FIG. 7 is a schematic diagram of a back projection process 700 according to some embodiments of the present disclosure. In some embodiments, the back projection process 700 may be performed in a back projection module. In some embodiments, the back projection process 700 may be performed by both the back projection module of the first network and the model selection module and LIIF model of the second network. In other examples, the back projection process 700 may also be performed jointly by the back projection module of the first network and the model selection module, the LIIF model, and the image ensemble module of the second network.


As shown in FIG. 7, the back projection process 700 may include determining a residual image based on an LR image 702 and an SR image 704 generated based on the LR image. For example, the SR image 704 may be down-sampled, and a residual image 706 between the down-sampled SR image and the LR image may be determined. Alternatively, residual blocks may be obtained based on the residual image 706, and deconvolution may be performed on the residual blocks (e.g., Conv2Dtranspose is performed) to up-sample the residual image 706, thereby obtaining the up-sampled residual image 708. In addition, the SR image 704 is added to the up-sampled residual image 708 to obtain a refined SR image 710. It should be understood that when the LR image 702 corresponds to the first image, the refined SR image 710 may correspond to the third image of the second super resolution. When the LR image 702 corresponds to the LR image X, the SR image 704 may correspond to the ith SR image Yi′, and the refined SR image 710 may correspond to the (i+1)th SR image Yi+1′.


In some embodiments, determining a first residual image based on the first image and the second image may include down-sampling the second image in a back projection module of the first network and determining the first residual image between the down-sampled second image and the first image.


In some embodiments, generating the third image based on the first residual image and the second image therein includes: up-sampling the first residual image in a model selection module, an LIIF module, and an image ensemble module of the second network; and adding the up-sampled first residual image to the second image to generate the third image.


In some embodiments, the back projection module may down-sample the SR image and generate a residual based on the down-sampled SR image and the LR image. This residual represents the error between the SR image and the LR image, i.e., if the SR image is perfect, the residual should be zero.

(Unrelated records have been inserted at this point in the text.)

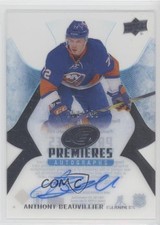 2016-17 Upper Deck Ice Premieres /299 Anthony Beauvillier #IPA-AB Auto qe7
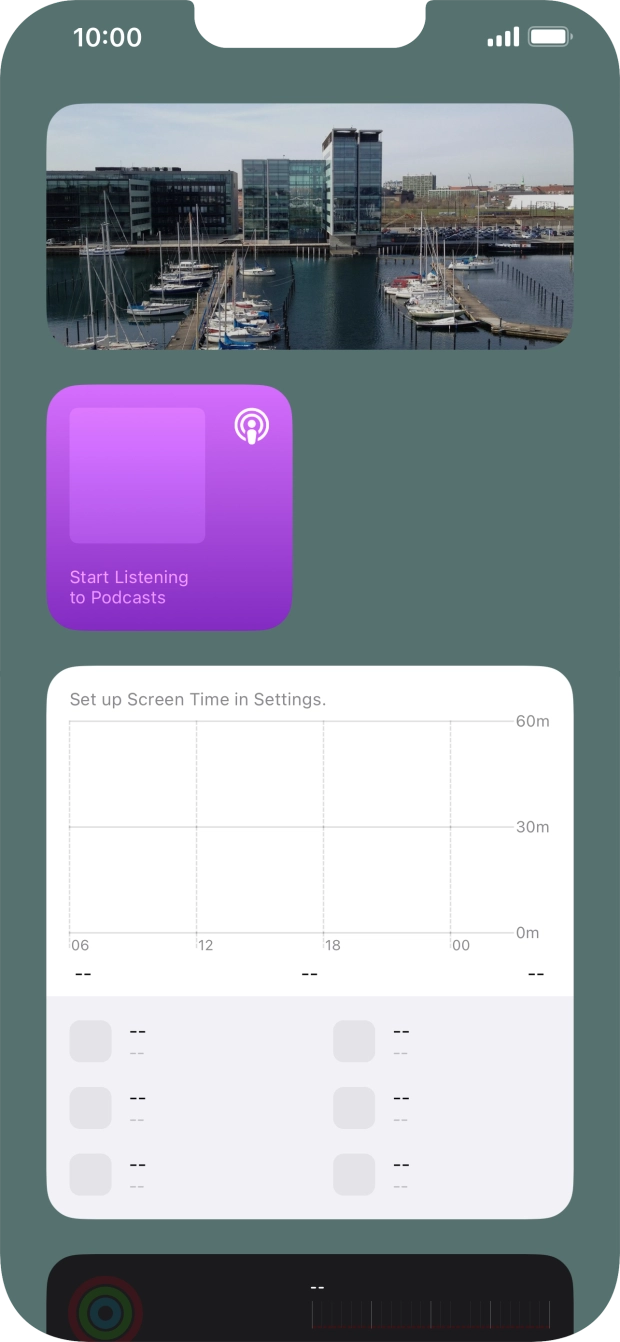 Press and hold the required Widget Stack.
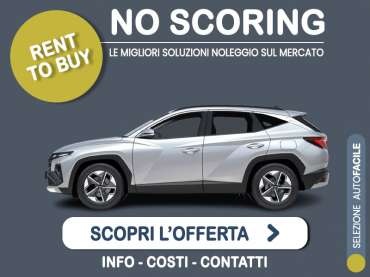 Offerta SUV e CrossOver Noleggio no scoring HYUNDAI TUCSON 1.6 T-GDi MHEV: l'offerta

Therefore, it is desired to minimize the residual to improve the quality of the SR image.


In some embodiments, this residual image is fed to the second CBPN, and via the model selection module, the LIIF module, and the image ensemble module of the second CBPN, this residual image is added to the SR image to generate the second SR image. It should be noted that the model selection module of the second CBPN does not directly use the residual image as an input, but first up-samples the residual to the same resolution as the SR image, and then extracts features using the model selection module so that the residual and the SR image are in the same feature space for easy addition. In addition, the model selection module of the second CBPN is not necessarily the same as the model selection module of the first CBPN, which can be adapted and optimized according to the dataset and the device. In some embodiments, the step of generating the residual image 706 and steps prior thereto in FIG. 7 may be performed in the first CBPN, and the steps after generating the residual image 706 may be performed in the second CBPN, where the second CBPN is provided after the first CBPN in the CBPN architecture. In some embodiments, more CBPNs may be designed as needed to further improve the quality of the SR image.


In some embodiments, the back projection process 700 is based on the following assumption: the ideal SR image should have a corresponding estimated LR image that is identical to the original LR image. As shown in FIG. 7, it is desired to minimize the residual between the LR image and the down-sampled SR image corresponding to the estimated LR image, thereby making the SR image closer to the baseline true value. As described above, it is desired to maximize the fidelity of the data in the super resolution image. That is, by minimizing the distance between the LR and down-sampled SR images, the SR image is forced to be constrained to the same space as the LR image.


In the CBPN according to the present disclosure, a back projection mechanism is used to estimate the ith residual between the ith SR and the LR. The residual is added by another model selection module, LIIF, and image ensemble back to the (i+1) th SR image. In practice, it can be determined according to practical needs how many back projection phases are to be performed and trained independently for each phase of back projection. We highlight the importance of this design. Each phase of the back projection is independent of the final state. At an edge device, the previous CBPN networks can be inherited for super resolution. The edge device may also develop its own back projection module to train its own dataset. One advantage is that it can adjust the model bias for a specific dataset, which can lead to a better SNR. Also, the back projection module can be transported to or inherited to any system or device, which makes it scalable and cost effective.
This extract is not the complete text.